1. Displacement machine for compressible media with arranged in a fixed housing ( 7 a, 7 b) spiral-shaped conveying spaces ( 11 , 11 '), and with a displacer associated with the Förderräu men ( 1 - 4 ), consisting essentially of a disc with on both sides perpendicular quite arranged spiral strips, one of which is provided opposite to a first eccentric arrangement (23, 24) having spaced second eccentric arrangement (26, 27) to guide the displacement body relative to the housing, which is mounted in the housing guide shaft (27) with the Main shaft ( 24 ) of the first eccentric arrangement is positively connected, and wherein the main shaft is driven by a pulley ( 19 ), characterized in that

• - That between the main shaft ( 24 ) and one with the pulley ( 19 ) provided input shaft ( 21 ) a magnetic coupling ( 30 ) is arranged, for which a magnetic coil ( 31 ) is fixed in a housing cover ( 7 c) angeord net, an anchor ring ( 32 ) is connected in a rotationally fixed manner to the main shaft ( 24 ) via a driving plate ( 47 ) and an armature plate ( 33 ) is connected in a rotationally fixed manner on the input shaft ( 21 ),
• - And that on the input shaft ( 21 ) a fan ( 45 ) is fixed, the active part between a magnetic coil ( 31 ) receiving iron core ring ( 35 b) and the bearing ( 29 ) of the input shaft ( 21 ).
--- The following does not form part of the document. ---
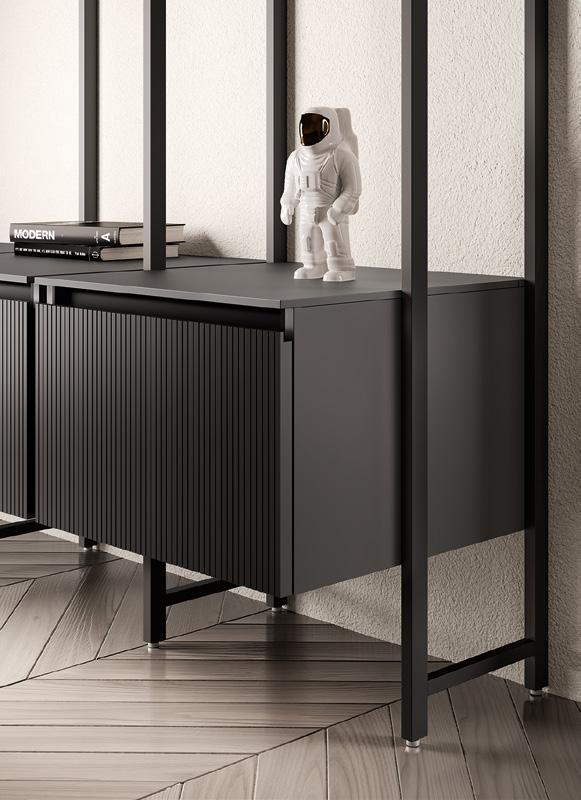 A small astronaut figurine stands on a modern dark cabinet next to two stacked books titled &quot;Modern.&quot;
2. Displacement machine according to claim 1, characterized in that the fan ( 45 ) is provided on the bearing side with a closed cover plate ( 51 ). 3. Displacement machine according to claim 1, characterized in that the armature disk ( 33 ) via spokes ( 34 ) is connected to the input shaft ( 21 ). 4. displacement machine according to claim 3, characterized in that the armature disc ( 33 ) on the radially inner, axially extending part ( 35 c) of the iron core ring with the spokes ( 34 ) is attached. 5. Displacement machine according to claim 1, characterized in that the magnetic coil ( 31 ) in a bell ( 7 d) of the housing cover ( 7 c) is housed, the coil receiving iron core ring ( 35 a) with its outer diameter the housing cover ( 7 c) with the bearing of the input shaft ( 21 ) and the drive-side housing ( 7 b) with the bearing of the main shaft ( 24 ) centered against each other.